Que haya ensayos donde reflexiona sobre las obras de Norah Lange, Rubén Darío o José Mármol no supone que estos escritores formen parte de su educación sentimental, ni muchos menos que sean sus maestros. Producir por “demanda”, de la institución que lo invita a un congreso o que lo premia, no significa quedar preso de lo que exige la burocracia artística-literaria. Escribe -acaso porque no sabe o no puede hacerlo de otra manera- extremando su método. En el ensayo sobre Amalia parte de la hipótesis de que una literatura se hace nacional, y es asumida como propia por los lectores, cuando se puede hablar mal de ella, no cuando se habla bien. De entrada declara que no hay más remedio que hablar mal de la novela de Mármol porque “la intención de elogiarla choca con obstáculos casi insalvables”; en Amalia “la apropiación puede darse a expensas del cariñoso escarnio de exclusividad”, desliza como si algunas partículas radiactivas de la ironía de Borges se filtraran en la lengua aireana. La cantidad de Amalias en la vida de Mármol (Amalia Guido, Amalia Vidal, Amalia Rubio) es un juego que juega Aira, un cálculo que estira los límites del verosímil hasta alcanzar la cifra de más de 28 millones de Amalias en 54 años de vida.
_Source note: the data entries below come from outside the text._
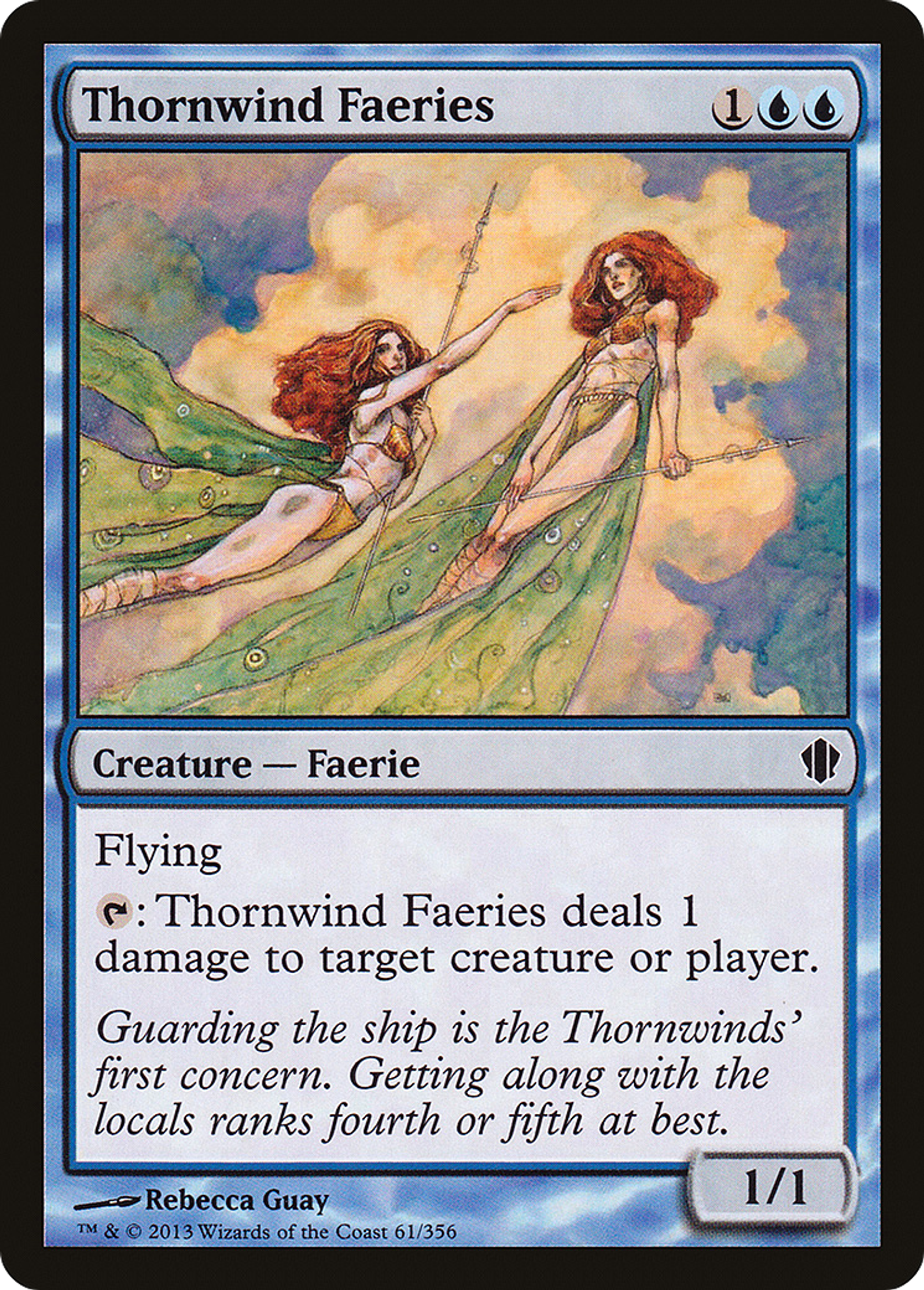 Thornwind Faeries — Commander 2013 — Magic: The Gathering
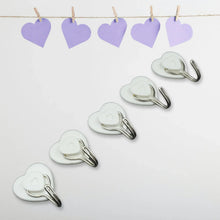 Multipurpose Strong Hook Self - Adhesive hooks for wall Heavy Plastic Hook, Sticky Hook Household For Home , Decorative Hooks, Bathroom & All Type Wall Use Hook , Suitable for Bathroom, Kitchen, Office (5 Pc Set) - Justgrabit Inc.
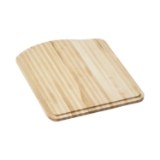 Elkay® LKCB1417HW Cutting Board, 15-9/16 in L x 18-3/4 in W x 1 in THK, Hardwood/Solid Maple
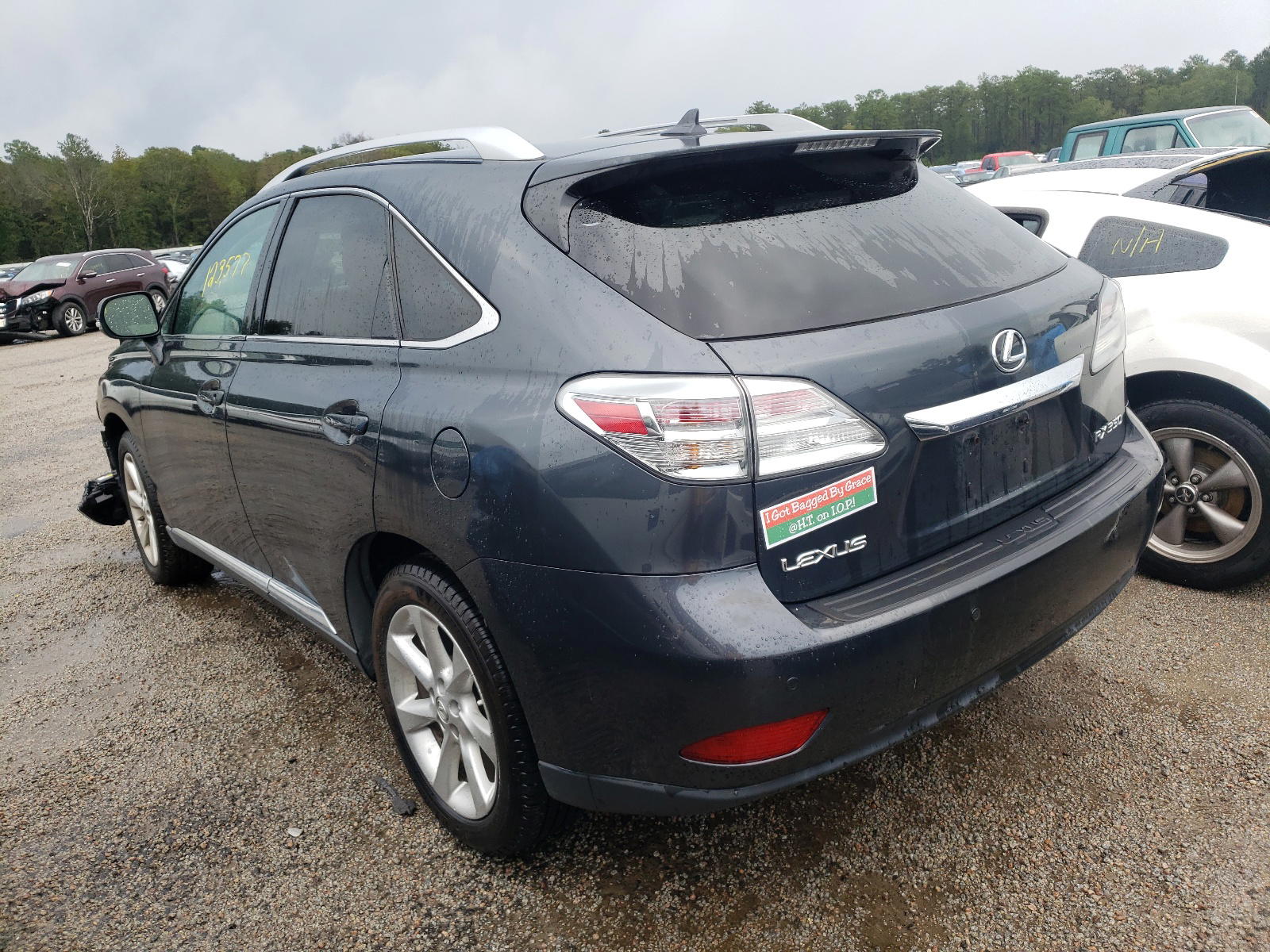 Photo 3 from auction – 2010 LEXUS RX 350 with VIN 2T2ZK1BA7AC010640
La imperfección, una forma de cortesía

Un escritor siempre está compuesto de vida y obra. Aira reconoce que el novelista se entrega a la imperfección (porque todo proceso es proceso de imperfección y asimetría), hace su trabajo como mejor puede y nada más. Y recuerda que Borges coqueteó con la imperfección significativa que le da al lector la sensación de ser más inteligente que el autor, culminación de la celebrada cortesía borgeana. “Lo que nos hace preguntar si en el fondo la imperfección no será una forma de cortesía”, sugiere el escritor. “A la época en que vivimos solo la encarnamos y la representamos después de muertos, cuando nuestra persona deja de hacer obstáculo a la fusión plena de nuestra obra y nuestro tiempo”, advierte en otro texto hilvanado por cuestiones convergentes.
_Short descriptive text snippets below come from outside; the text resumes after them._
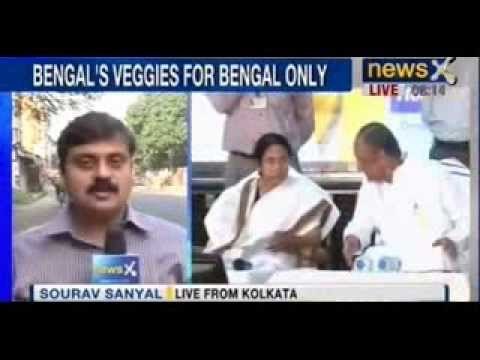 West Bengal CM Mamata Banerjee imposes ban on export of vegetables to other states - NewsX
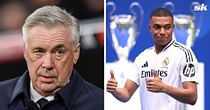 Real Madrid boss Carlo Ancelotti holds talks with Kylian Mbappe amid recent controversy - Reports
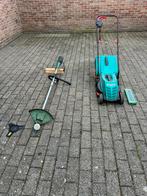 Krachtige bosmaaierAFS 23-27 en grasmachine ARM32, Tuin en Terras, Ophalen, Gebruikt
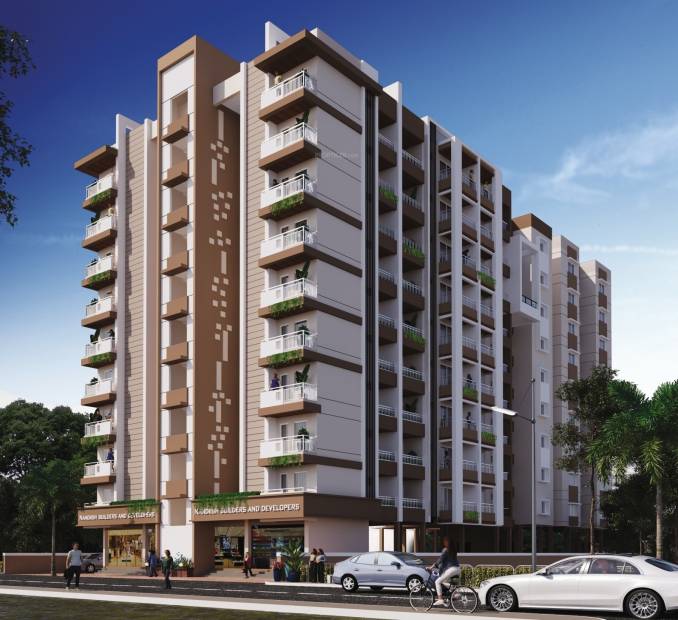  nand-yashoda-highrrise Elevation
Hacia el final del libro se percibe un puñado de ideas que se repiten con variaciones. El escritor está explicando su experiencia constantemente y ese modelo lo dicta sus medios, sus primeros lectores, su infancia de escritor. Aira expresa que las preferencias de un escritor no siempre tienen que ver con lo que escribe y la razón de esta discrepancia la encuentra en que esas preferencias se ejercitan sobre la lectura, y la escritura está en otra dimensión, en otro registro mental. “Uno puede admirar fervientemente a Borges, pero al escribir tomará toda clase de precauciones para que no le salga parecido a Borges, o hará el ridículo”, revela el escritor que puede enfatizar con cierta malicia exquisita un adjetivo para despachar a ciertos autores como Sarmiento, a quien considera “muy sobrevalorado”.

El escritor que tempranamente intentó ser un buen discípulo de Marcel Duchamp, de quien quedó prendado cuando compró un libro que contenía una cuidada reproducción de El gran vidrio, procura mantener ese vanguardismo primigenio. “Lo nuevo es el gran ready-made en cuya fabricación se ha especializado nuestra civilización. Y si lo nuevo es un espejismo, según nos advierten esos alarmistas que nunca faltan, ¿qué importa? La experiencia del sediento que ve un oasis que no existe es real; no hay nada más real. Y es en esta experiencia donde se da el salto”. Aira es ese sediento de la literatura argentina que da el salto, un pequeño salto porque en él nada es grandilocuente, y logra encarnar una y otra vez “la huida hacia adelante”.